Breathing, septum and function come first
Rhinoplasty should not be planned only from profile photographs. The septum, turbinates, internal nasal valve, external valve, skin thickness and previous trauma all matter. When breathing is part of the complaint, septorhinoplasty planning may be necessary.
Techniques that look elegant in diagrams can fail if the functional anatomy is ignored. A smaller bridge, narrower bones or more defined tip should not come at the cost of nasal obstruction.
When structural rhinoplasty may fit better
- Revision rhinoplasty or previous nasal trauma.
- Significant septal deviation or valve collapse.
- Weak tip support or poor tip definition.
- Marked asymmetry or crooked nose.
- Need for projection, rotation or support using cartilage grafts.
- Selected ethnic rhinoplasty cases where support and definition must be built carefully.
For related planning, see revision rhinoplasty, ethnic rhinoplasty and the guide on when revision rhinoplasty may be needed.
When preservation rhinoplasty may fit better
- A favorable dorsal shape with a limited hump.
- A stable septum and no major airway complaint.
- A well-supported tip that needs conservative refinement.
- Limited asymmetry and no major previous surgery.
- Patient goals that fit a conservative anatomical change.
Recovery and swelling
Recovery depends more on the amount of dissection, bone work, skin thickness, grafting, bleeding tendency and whether the case is primary or revision than on the label alone. Preservation rhinoplasty may reduce early swelling in selected cases, but it does not eliminate swelling or make recovery uniformly faster.
Structural rhinoplasty can involve more grafting and support work, so swelling may take longer to settle, especially in thick skin.

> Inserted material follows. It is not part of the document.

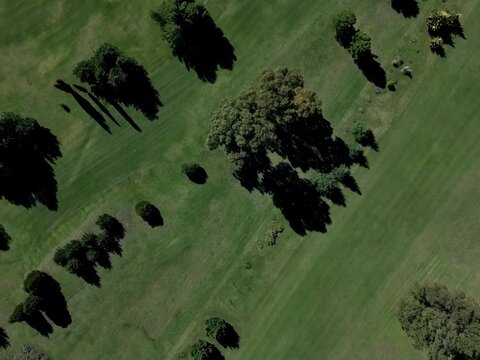 Bird's eye view of golf course patterns with trees and sand bunkers in 4:3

Final definition can take many months. Tools such as ultrasonic rhinoplasty may be considered for selected bone work, but they do not replace surgical judgement.
Risks and red flags
Risks of rhinoplasty include bleeding, infection, septal perforation, poor wound healing, visible or unfavorable scarring, skin problems, graft visibility, graft warping or resorption, asymmetry, persistent swelling, nasal obstruction, changes in smell, dissatisfaction, need for revision and anesthesia-related complications.
Urgent postoperative signs include rapidly increasing pain, fever, pus, heavy bleeding, skin color change, worsening obstruction, visual symptoms, shortness of breath, chest pain or neurologic symptoms. These require immediate contact with the surgical team or emergency care.
Frequently asked questions
Is preservation rhinoplasty automatically better because it is newer?
No. Preservation rhinoplasty is valuable for selected anatomy, but newer terminology does not replace diagnosis. Some noses need preservation principles, some need structural support, and some need both.
Does open rhinoplasty always leave a visible scar?
No, but no surgeon should promise an invisible scar. The columellar incision often heals subtly when well placed and cared for, but scar visibility depends on skin, healing, tension, sun exposure and individual biology.
Can rhinoplasty be combined with chin surgery?
Yes, in selected patients. Nose and chin balance strongly affects the facial profile, so chin implant or mentoplasty may be discussed when chin projection changes how the nose is perceived.
How I choose the technique
In consultation, I evaluate photographs, nasal bones, dorsal lines, tip support, septum, valves, skin, breathing, previous surgery and expectations. 3D simulation can help communication, but it is not a promise of outcome. The final plan is anatomical: structural, preservation or hybrid, depending on what your nose safely allows.